The Settings tab contains output configuration, the random seed, and Scene View preview controls. These settings apply globally to any array you generate regardless of the type selected on the Array tab.

Output Settings

Array Name sets the name assigned to the parent GameObject that groups all generated objects. Defaults to ObjectArray.

Group Under Parent places all generated objects as children of a single empty parent object, keeping the Hierarchy tidy. When disabled, objects are placed at the scene root level.

Parent is visible when Group Under Parent is on. Drag an existing Transform here to nest the generated array inside it rather than at the scene root.

Use Source as Start uses the source object's world position as the starting point for the array, meaning the array begins exactly where your source object sits. When disabled, a manual Start Position Vector3 field appears so you can type in an exact world-space origin.

Update Existing (Replace Mode)

Replace Mode allows you to regenerate an array in-place rather than creating a new one from scratch. Enable Replace Mode and drag an existing array parent GameObject into the Existing Array field. When you press Generate Array, ArrayKit will delete all current children of that object and regenerate fresh ones with the current settings. The child count of the existing array is displayed for reference.

Tip: Replace Mode is the recommended approach during iterative level design. Configure your array, generate it, tweak values, then regenerate with Replace Mode rather than manually deleting the old array each time. The action is still fully undoable.

Random Seed

The Random Seed section controls the seed used for all randomised operations in the tool, including Random rotation, Random scale, Randomised distribution, and the Randomise Order mode for multiple objects.

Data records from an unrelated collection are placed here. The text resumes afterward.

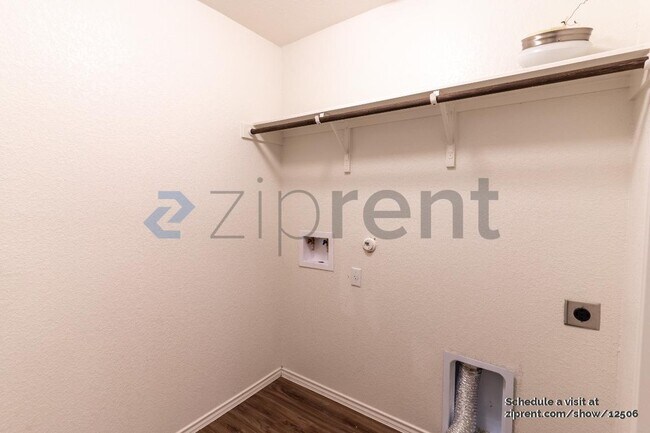 Building Photo - 21417 Bird Wing Dr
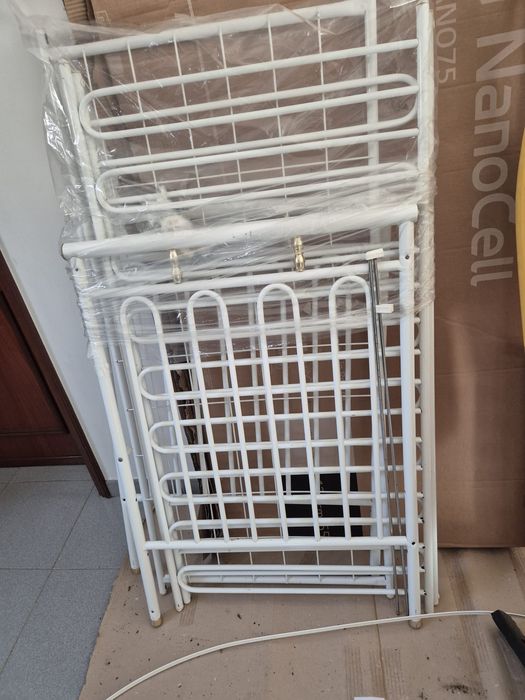 Cama de ferro de bebé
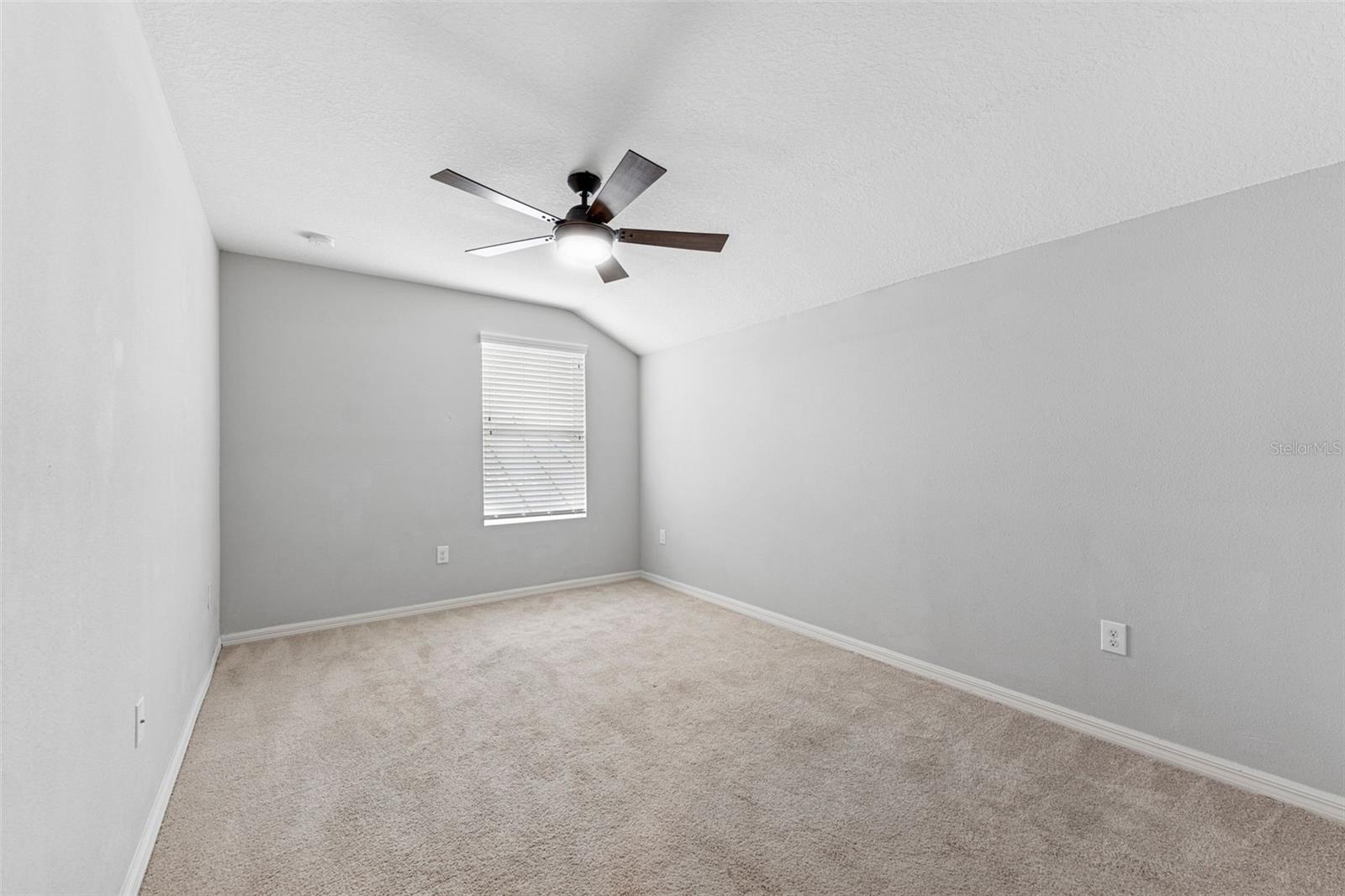 Image 28 of 45 For 13334 Palmera Vista Drive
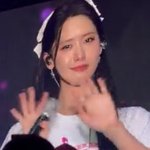 <b>윤아</b> 이 사진 뭔가 로제 <b>닮음</b>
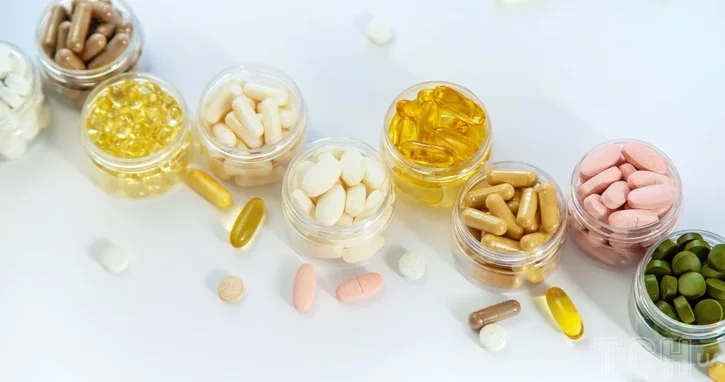 Бесконтрольный прием витамина D и цинка: азербайджанский эндокринолог предупредила о рисках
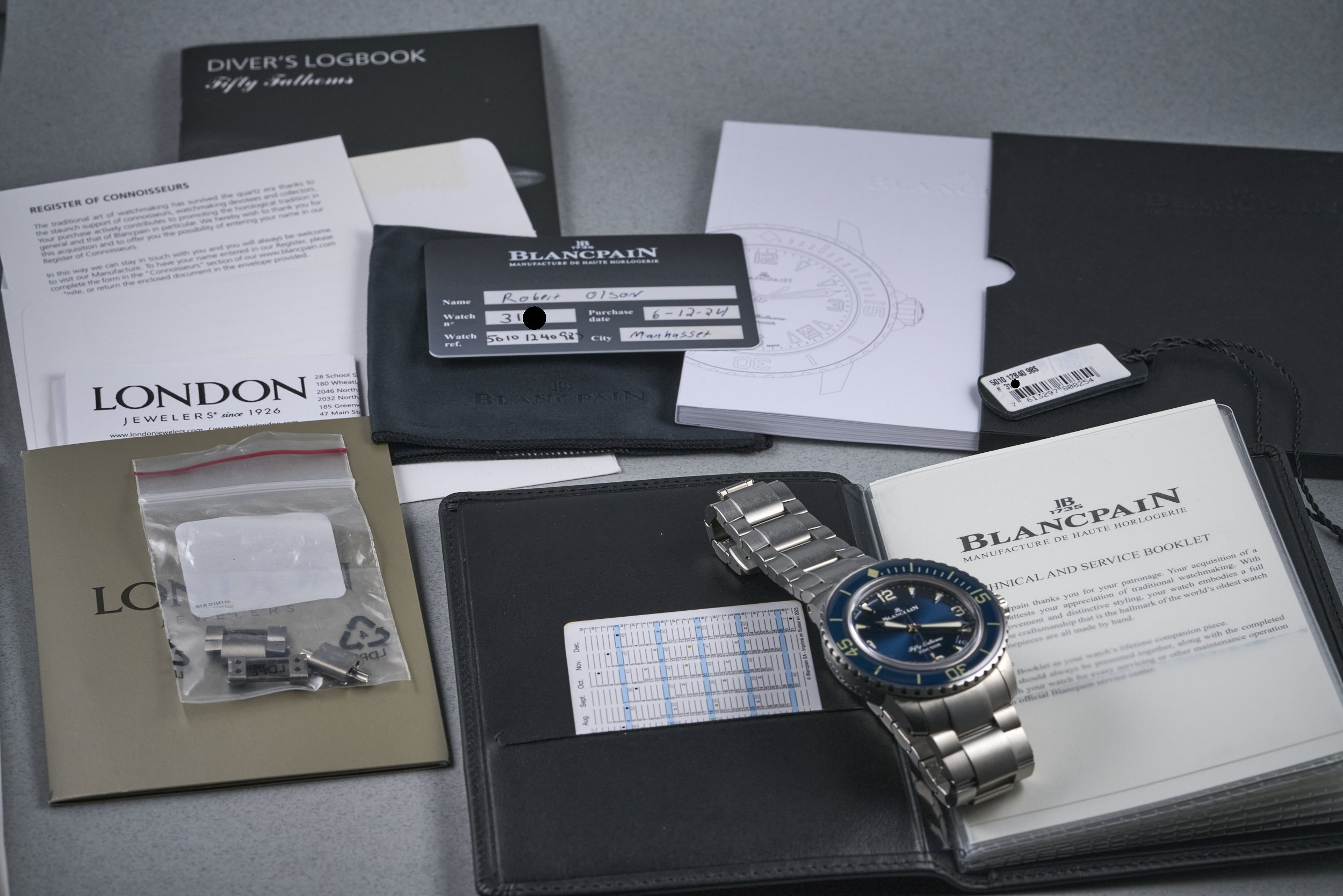 blancpain-fifty.fathoms.titanium.boxpapers-5010.12B40.98S-blue.dial-2024-oysterpalace-OP2299-13.jpg
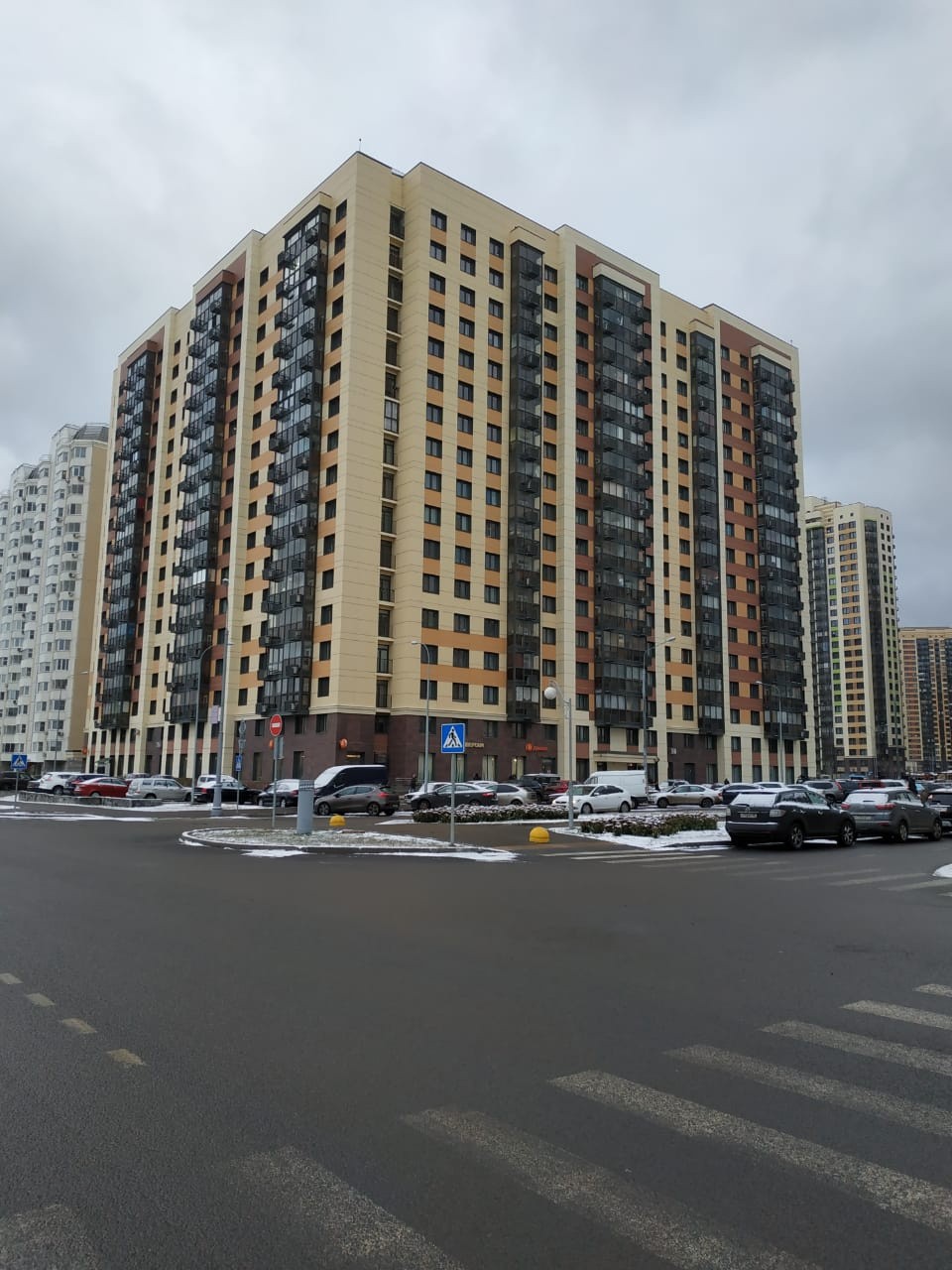 г. Москва, ул. Бориса Пастернака (п Внуковское), д. 17-фасад здания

When Use Custom Seed is off, Unity's global random state is used, meaning results differ on each generation. When on, ArrayKit sets the seed before generating so the result is reproducible. The Randomise button sets the seed field to a new random integer, giving you a quick way to explore variations while retaining reproducibility.

The practical value of custom seeds is significant in a production environment: two team members using the same seed on the same settings will produce bit-for-bit identical results, making version control reviews predictable and eliminating "it looks different on my machine" situations.

Preview

The preview system renders ghost meshes in the Scene View to visualise the array before it is committed to the scene. It updates automatically whenever any setting changes.

Show Preview toggles the Scene View ghost mesh overlay on and off. Disabling preview can improve responsiveness when working with very large arrays (500+ objects).

The colour swatch next to the toggle sets the colour and opacity of the ghost meshes. The default is a semi-transparent orange matching the ArrayKit accent colour.

Refresh forces a manual preview recalculation. Rarely needed as updates happen automatically, but useful if the preview appears stale after an external scene change.

Focus in Scene frames the preview in the Scene View camera, equivalent to pressing F on a selected object. Helpful for quickly orienting the viewport when working in large scenes.

Note: Preview ghost meshes are Editor-only and have no impact on runtime performance or build size.